In PagerDuty these are Escalation Policies with timeout rules; in Opsgenie they’re Escalation entities with “if not acked in X minutes” steps. Same shape, different menu.

Routing: turn alerts into the right page

The integration layer is where you decide which alerts page and which just log. Resist the urge to page on everything.

Severity-based routing. Use event rules (PagerDuty) or alert policies (Opsgenie) to map alert severity to actions: critical pages immediately, warning creates a low-priority alert with no notification, info is suppressed entirely.
Deduplication keys. Set a dedup/alias key so a flapping alert collapses into one incident instead of fifty pages. This is the single biggest noise reducer available to you, and it’s one config field.
Auto-resolve. Wire the resolve signal back so a recovered alert closes its incident automatically. Stale “still open?” incidents erode trust in the queue.

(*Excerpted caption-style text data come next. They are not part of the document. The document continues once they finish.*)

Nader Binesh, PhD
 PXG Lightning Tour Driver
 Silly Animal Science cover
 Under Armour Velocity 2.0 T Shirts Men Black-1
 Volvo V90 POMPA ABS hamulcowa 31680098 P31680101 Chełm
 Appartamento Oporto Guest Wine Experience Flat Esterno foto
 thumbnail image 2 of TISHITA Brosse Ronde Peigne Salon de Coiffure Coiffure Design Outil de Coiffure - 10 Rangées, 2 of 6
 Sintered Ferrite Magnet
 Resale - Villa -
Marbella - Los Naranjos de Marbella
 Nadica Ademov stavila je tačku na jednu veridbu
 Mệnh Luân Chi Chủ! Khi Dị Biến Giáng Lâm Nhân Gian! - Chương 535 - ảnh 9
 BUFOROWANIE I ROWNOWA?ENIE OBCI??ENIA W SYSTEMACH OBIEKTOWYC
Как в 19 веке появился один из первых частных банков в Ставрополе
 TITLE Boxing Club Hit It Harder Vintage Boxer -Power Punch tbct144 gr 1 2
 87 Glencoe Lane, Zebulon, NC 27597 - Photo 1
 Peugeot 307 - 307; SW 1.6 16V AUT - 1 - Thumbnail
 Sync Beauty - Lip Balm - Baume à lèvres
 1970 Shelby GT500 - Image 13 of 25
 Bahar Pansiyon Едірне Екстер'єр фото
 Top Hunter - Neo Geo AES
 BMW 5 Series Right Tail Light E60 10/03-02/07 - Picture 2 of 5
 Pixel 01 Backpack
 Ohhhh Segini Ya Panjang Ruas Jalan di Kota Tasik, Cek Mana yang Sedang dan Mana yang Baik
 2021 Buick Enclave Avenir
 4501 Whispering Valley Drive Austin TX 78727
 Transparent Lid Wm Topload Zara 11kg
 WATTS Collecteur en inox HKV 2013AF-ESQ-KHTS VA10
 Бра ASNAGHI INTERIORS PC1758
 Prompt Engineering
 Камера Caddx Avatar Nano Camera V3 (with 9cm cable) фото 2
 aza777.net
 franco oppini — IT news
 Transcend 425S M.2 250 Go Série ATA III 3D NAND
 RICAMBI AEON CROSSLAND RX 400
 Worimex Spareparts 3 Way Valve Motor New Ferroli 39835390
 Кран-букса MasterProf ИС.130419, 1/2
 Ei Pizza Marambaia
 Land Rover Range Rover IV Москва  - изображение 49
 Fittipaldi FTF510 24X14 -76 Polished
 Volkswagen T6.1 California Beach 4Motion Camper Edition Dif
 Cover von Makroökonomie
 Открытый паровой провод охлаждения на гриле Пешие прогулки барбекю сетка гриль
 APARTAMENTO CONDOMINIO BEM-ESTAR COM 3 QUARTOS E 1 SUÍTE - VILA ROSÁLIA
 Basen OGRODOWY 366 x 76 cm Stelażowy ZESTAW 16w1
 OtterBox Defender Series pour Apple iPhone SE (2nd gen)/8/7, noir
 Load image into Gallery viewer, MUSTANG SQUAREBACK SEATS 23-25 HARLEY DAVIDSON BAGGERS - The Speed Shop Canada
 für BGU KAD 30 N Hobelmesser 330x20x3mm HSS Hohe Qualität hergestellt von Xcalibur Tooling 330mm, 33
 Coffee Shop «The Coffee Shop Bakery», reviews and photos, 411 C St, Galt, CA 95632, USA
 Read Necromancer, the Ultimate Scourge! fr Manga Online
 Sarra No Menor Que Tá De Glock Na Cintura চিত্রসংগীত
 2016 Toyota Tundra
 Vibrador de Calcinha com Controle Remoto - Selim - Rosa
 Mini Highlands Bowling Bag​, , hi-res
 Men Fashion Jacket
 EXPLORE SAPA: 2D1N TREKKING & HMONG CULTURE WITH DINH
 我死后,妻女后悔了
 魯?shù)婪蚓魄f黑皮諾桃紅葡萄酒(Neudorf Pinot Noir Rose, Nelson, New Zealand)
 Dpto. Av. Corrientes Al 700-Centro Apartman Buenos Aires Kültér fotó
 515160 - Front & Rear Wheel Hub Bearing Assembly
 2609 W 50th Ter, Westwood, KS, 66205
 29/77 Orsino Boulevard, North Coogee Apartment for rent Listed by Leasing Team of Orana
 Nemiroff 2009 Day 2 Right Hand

A starter configuration checklist

Whether you’re standing up a new account or auditing an old one, walk this list:

Every production service has exactly one owning team and one escalation policy.
Every escalation policy has at least two notification rungs plus a guaranteed final responder.
Every schedule has zero coverage gaps for the next 90 days.
High-severity escalation timeouts are 5 minutes or less.
Each integration sets a dedup key and an auto-resolve path.
Notification rules cover more than one channel (push + SMS + phone call for critical).
There is a documented “override” path to grab someone immediately, bypassing the ladder.

Test it like you mean it

Configuration you haven’t tested is configuration you’re hoping works. Run a deliberate test page each on-call handoff: trigger a synthetic alert and confirm it pages the right person, escalates on timeout, and auto-resolves. It takes two minutes and it surfaces the dead schedule before a real incident does.

Both tools also support maintenance windows — use them during planned work so you don’t page yourself during a deploy and train people to ignore the pager. A pager that cries wolf during every release is a pager people silence.

Keep it as code where you can

Both PagerDuty and Opsgenie have Terraform providers. Managing services, escalation policies, and schedules as code gives you review, history, and the ability to recreate the whole setup if an account is misconfigured or lost. It also makes “why did this route here?” answerable from a diff instead of archaeology through a UI.

You don’t have to do this on day one, but the day your escalation policies sprawl past what one person can hold in their head, codifying them pays for itself.

Where it connects to the rest of incident response

Paging tools are the trigger, not the response. Once the page fires, your severity matrix, runbooks, and roles take over. We keep prompts and templates for the whole flow in our incident-response collection — the goal is that the page reaches the right human fast, and everything they do next is already written down.

Configuration recommendations are general starting points. Validate every escalation path and schedule against your own org structure before relying on it for production paging.